Digital Polar Transmitters for Massive MIMO: Sum-Rate and Power Efficiency Analysis

In this article, we comprehensively investigate the potential of the digital polar radio transmitter architecture for multi-user massive multiple-input multiple-output orthogonal frequency-division multiplexing (MIMO-OFDM) downlink system. In terms of throughput performance, we derive a lower bound for the average sum-rate achievable with Gaussian signaling inputs and zero-forcing (ZF) precoding based on Bussgang decomposition. By diagonal approximation, we derive an approximate, yet accurate, model for the distortion caused by uniform polar quantization, which can be used to evaluate the corresponding sum-rate in closed form. To assess the power efficiency, we provide power consumption models with realistic parameters and values for the quantized polar and Cartesian transmitters, based on state-of-the-art integrated circuit (IC) designs and measurements.

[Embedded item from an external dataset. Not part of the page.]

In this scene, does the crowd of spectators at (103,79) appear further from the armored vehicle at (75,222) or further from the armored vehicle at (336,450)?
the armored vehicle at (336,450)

Extensive numerical results demonstrate that the proposed quantized polar transmitter can enable excellent performance in terms of average sum-rate, symbol error rate (SER), and out-of-band (OOB) emission level, compared to the Cartesian architecture. Furthermore, the power consumption comparisons show that the digital polar transmitter can save more than 36% in the energy consumption under 64-antenna setting in typical 5G enhanced mobile broadband use cases, thus making it highly appealing for future power-efficient massive MIMO transmitter implementations.